Date of Award

Winter 1986

Project Type


Program or Major


Degree Name

Doctor of Philosophy


Recent evidence indicates that the activation of a calcium-dependent proteinase, calpain, results in the formation of new glutamate receptors in the hippocampus (Lynch, Halpain, & Baudry, 1982), a brain area commonly thought to play a crucial role in mammalian memory formation. In vitro, this effect is correlated with a long-lasting enhancement of efficacy in synaptic transmission (long-term potentiation, LTP) following brief pulses of electrical stimulation in the hippocampus (Dunwiddie & Lynch, 1979). Because the induction properties of LTP are similar to the behavioral properties of memory, it has been proposed to be the physiological basis of memory (Lynch & Baudry, 1984). If the calcium-dependent activation of calpain is responsible for the induction of LTP and ultimately memory formation, then pharmacologically blocking the calcium-calpain interactions should block those forms of memory dependent on this mechanism.

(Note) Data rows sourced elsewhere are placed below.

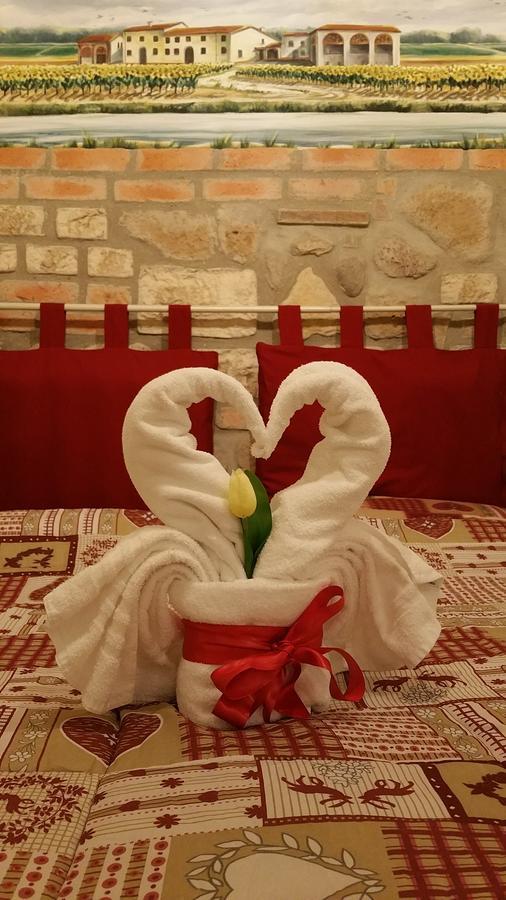 Bed and Breakfast La Casa Delle Rondini Roncoferraro Esterno foto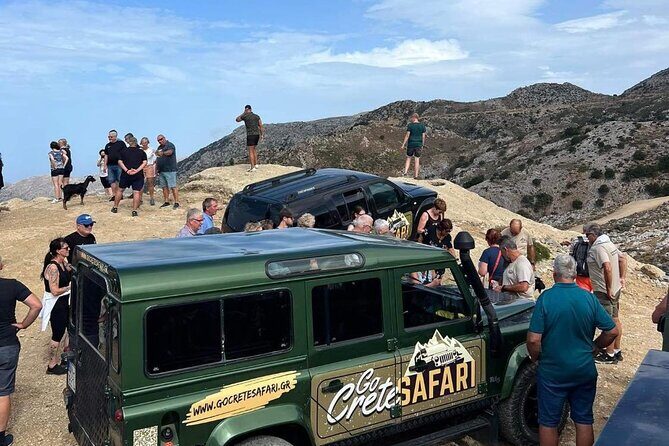 4x4 Safari tour Southern Crete Tripitis Gorge - FAQ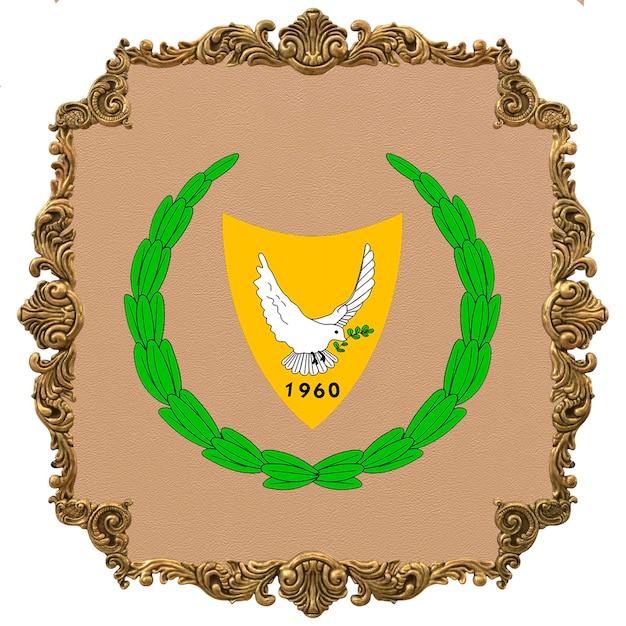 Cyprus national emblem National Independence Day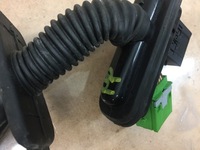 фото thumb №3, Жгут трубопровод дверь передних p citroen оригинальный номер 9828277680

Three experiments were conducted to assess the effects of leupeptin, a proteinase (calpain) inhibitor on aversively motivated spatial memory in rats. In Experiment One, either leupeptin (8 mg/ml isotonic saline) or isotonic saline was infused continuously into the cerebrospinal fluid, and rats were trained in a one-way avoidance task with one-hour intertrial intervals, three trials per day, for 11 days. Leupeptin significantly impaired rats' acquisition of this task. Experiment Two assessed rats' performance in a win-stay or a win-shift avoidance task, and it was found that rats in the win-shift group learned the task more efficiently. This win-shift avoidance task was then used in Experiment Three to assess the temporal dependence of leupeptin's behavioral effects by introducing a delay of 1 min, 15 min, or 30 min between the information and choice trials. Leupeptin impaired choice performance at the 30 min delay only. In addition, leupeptin significantly impaired previously-acquired avoidance responding. Because a time-dependent memory deficit was observed, these data are considered to be consistent with the biological model of memory formation advanced by Lynch & Baudry (1984), however no adequate explanation of leupeptin's deleterious effects on previously acquired responding presently exists.